Chris Bonett
Minister for Transport · Partit Laburista
- True 0 0%
- Mostly true 2 100%
- + Context 0 0%
- Mixed opinion 0 0%
- Unproven 0 0%
- Misleading 0 0%
- Unlikely 0 0%
- False 0 0%
Yes — there are fewer cars being registered daily in Malta now than two years ago. NSO new-registration data (NR-085-2026, Table 2) shows 14,433 passenger cars newly licensed in 2023, falling to 14,104 in 2025 — a reduction of 329 cars/year, or about one fewer car registered per day (39.5/day → 38.6/day). The directional claim is supported. The qualifier on Mostly True is that the fall is modest in size — 2.3% across two years — and the path was non-monotonic: 2024 was actually the peak (15,071 cars, 41.3/day) before the 2025 dip brought the rate back below 2023. 'Started to fall' captures the right direction but slightly overstates a softer-than-it-sounds movement. The substantive answer is yes, but the policy-relevant magnitude is small.

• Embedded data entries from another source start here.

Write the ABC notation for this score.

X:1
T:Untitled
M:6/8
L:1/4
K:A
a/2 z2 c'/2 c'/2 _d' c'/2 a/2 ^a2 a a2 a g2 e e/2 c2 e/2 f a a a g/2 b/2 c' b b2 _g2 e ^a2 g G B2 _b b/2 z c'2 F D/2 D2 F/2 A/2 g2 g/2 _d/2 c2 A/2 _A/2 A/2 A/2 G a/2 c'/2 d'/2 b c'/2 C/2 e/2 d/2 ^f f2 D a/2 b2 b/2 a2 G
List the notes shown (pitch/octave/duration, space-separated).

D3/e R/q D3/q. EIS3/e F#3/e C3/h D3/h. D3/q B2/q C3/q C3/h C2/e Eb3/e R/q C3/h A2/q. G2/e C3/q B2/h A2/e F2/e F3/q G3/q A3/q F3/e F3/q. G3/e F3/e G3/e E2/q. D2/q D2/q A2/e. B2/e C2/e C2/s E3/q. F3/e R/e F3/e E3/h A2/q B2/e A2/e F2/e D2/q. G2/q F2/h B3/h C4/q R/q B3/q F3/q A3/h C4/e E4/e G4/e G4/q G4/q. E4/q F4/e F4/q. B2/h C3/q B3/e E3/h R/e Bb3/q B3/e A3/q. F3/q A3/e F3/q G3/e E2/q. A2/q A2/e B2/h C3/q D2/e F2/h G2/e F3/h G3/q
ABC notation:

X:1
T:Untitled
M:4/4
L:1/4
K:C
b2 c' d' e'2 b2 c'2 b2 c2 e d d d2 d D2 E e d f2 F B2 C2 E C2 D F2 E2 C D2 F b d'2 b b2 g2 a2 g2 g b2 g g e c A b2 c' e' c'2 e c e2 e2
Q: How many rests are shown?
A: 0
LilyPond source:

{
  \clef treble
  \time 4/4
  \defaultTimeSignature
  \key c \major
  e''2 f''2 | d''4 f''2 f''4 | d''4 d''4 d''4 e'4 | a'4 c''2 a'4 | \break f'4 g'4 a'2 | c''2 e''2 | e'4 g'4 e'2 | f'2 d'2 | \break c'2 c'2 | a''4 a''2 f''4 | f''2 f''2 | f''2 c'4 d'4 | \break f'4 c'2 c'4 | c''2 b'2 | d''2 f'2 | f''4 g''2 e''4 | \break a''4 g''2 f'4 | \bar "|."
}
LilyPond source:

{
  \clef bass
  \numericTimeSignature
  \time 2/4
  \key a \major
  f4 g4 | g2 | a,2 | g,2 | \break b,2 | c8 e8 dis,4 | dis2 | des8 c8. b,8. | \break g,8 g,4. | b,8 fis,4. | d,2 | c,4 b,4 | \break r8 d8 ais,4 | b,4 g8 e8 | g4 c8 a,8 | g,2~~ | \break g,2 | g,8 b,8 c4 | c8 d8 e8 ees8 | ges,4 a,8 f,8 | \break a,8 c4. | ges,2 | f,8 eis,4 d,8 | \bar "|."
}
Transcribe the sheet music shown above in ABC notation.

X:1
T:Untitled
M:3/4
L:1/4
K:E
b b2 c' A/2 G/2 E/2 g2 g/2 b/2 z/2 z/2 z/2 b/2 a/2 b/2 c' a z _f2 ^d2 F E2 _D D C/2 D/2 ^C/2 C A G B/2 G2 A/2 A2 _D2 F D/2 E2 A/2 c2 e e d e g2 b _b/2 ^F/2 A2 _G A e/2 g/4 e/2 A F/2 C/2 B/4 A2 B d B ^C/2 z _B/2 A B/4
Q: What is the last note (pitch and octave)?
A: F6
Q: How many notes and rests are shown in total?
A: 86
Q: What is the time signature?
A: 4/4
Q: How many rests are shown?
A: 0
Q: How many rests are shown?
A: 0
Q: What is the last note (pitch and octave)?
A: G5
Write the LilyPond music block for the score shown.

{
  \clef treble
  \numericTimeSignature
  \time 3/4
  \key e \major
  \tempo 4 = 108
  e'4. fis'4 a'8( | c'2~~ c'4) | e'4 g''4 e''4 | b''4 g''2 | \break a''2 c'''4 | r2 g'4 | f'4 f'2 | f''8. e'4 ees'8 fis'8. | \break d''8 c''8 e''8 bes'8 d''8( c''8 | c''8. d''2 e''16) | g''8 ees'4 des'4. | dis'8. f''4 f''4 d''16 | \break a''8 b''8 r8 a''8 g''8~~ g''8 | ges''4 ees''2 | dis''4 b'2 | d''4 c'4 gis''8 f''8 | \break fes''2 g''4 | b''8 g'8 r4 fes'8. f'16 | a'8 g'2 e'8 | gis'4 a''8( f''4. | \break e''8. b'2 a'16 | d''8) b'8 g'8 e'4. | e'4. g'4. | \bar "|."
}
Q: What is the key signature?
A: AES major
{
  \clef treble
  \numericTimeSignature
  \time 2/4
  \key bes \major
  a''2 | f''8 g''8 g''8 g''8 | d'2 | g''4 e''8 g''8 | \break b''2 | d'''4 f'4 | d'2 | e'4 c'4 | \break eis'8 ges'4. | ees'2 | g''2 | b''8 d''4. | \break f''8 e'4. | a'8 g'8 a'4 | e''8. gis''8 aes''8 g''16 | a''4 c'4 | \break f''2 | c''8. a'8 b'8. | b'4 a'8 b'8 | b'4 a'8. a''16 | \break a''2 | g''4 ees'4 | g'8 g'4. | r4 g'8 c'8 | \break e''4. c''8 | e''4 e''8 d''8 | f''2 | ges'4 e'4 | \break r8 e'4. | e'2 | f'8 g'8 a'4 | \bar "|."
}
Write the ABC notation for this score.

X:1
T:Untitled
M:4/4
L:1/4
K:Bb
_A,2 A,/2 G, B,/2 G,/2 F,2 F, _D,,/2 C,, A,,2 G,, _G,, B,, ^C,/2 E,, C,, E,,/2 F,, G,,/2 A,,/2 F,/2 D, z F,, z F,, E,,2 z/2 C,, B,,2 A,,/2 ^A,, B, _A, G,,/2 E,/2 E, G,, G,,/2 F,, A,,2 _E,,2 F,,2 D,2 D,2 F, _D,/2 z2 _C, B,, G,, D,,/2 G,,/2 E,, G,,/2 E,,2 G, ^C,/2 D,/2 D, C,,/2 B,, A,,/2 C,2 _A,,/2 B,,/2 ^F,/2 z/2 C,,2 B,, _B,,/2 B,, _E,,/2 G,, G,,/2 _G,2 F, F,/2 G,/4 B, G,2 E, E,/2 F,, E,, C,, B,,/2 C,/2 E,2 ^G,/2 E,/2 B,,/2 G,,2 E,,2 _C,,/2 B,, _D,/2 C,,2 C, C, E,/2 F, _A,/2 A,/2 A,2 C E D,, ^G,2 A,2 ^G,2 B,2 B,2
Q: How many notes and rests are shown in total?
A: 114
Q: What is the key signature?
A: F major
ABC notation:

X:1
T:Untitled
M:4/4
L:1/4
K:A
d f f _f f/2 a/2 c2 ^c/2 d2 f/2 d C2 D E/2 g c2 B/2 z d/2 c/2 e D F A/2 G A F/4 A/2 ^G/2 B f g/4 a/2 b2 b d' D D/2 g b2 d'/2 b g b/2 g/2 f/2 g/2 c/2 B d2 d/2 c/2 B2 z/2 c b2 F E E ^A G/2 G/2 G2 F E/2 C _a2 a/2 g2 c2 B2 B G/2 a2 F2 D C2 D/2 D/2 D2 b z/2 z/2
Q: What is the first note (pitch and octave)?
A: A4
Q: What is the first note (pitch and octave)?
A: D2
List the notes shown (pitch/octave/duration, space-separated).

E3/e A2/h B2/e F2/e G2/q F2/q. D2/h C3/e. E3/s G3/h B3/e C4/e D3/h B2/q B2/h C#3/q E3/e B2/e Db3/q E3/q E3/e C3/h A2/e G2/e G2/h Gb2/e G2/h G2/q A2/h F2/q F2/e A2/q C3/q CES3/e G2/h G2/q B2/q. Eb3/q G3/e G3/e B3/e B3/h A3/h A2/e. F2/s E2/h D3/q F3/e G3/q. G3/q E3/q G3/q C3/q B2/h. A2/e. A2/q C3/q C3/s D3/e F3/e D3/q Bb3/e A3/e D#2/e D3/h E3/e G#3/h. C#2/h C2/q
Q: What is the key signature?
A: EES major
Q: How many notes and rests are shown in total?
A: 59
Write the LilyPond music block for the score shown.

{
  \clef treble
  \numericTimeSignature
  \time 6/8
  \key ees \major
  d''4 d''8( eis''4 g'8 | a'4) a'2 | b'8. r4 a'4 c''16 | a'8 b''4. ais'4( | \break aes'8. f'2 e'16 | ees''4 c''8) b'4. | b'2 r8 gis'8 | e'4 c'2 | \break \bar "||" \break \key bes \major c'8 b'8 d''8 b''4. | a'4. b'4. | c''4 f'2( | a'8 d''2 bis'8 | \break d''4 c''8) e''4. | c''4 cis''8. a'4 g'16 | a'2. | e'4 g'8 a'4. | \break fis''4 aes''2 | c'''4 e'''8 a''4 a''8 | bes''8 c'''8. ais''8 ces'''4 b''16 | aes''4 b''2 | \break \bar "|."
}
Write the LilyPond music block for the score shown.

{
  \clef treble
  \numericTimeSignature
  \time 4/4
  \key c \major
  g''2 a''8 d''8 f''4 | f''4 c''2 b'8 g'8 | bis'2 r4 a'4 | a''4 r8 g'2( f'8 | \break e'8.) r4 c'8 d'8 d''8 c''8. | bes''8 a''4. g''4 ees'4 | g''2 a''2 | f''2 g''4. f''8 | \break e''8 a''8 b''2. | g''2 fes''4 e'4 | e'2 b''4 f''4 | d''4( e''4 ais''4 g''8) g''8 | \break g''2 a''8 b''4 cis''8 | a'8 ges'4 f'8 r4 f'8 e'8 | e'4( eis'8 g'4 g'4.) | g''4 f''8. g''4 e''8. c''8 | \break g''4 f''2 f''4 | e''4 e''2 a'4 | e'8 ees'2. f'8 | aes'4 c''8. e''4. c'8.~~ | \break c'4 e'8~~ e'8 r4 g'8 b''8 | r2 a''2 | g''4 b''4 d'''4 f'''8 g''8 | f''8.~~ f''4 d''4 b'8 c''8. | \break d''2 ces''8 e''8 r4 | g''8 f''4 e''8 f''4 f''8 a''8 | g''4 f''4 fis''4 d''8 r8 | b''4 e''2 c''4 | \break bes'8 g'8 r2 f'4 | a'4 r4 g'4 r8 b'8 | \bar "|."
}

Total public transport ridership rose from 48.05M (2017) to 67.24M (2023, +36.6% YoY — first full year of free PT) and continued climbing to 75.8M (2024, +12.7%), with August 2025 alone hitting a record-breaking 7.48M passengers (+10.5% YoY for that month). That is genuinely substantial — +57.7% across 2017-2024, with the gains concentrated in the free-PT era. But population grew ~24% over the same window (460K → ~570K), so on a per-capita basis the strengthening is materially smaller: 104.5 trips/resident/year (2017) → 121.6 (2023) → ~133 (2024) = +27% per capita across seven years. Substantial direction holds; the load-bearing magnitude is the per-capita figure, not the +57.7% headline. The NSO dashboard's Maltese-vs-Non-Maltese split is a flat 75/25 ratio applied uniformly across all years (not measured data), so it's not possible from public data to isolate whether Maltese-national ridership specifically rose or whether the increase is driven by non-resident growth.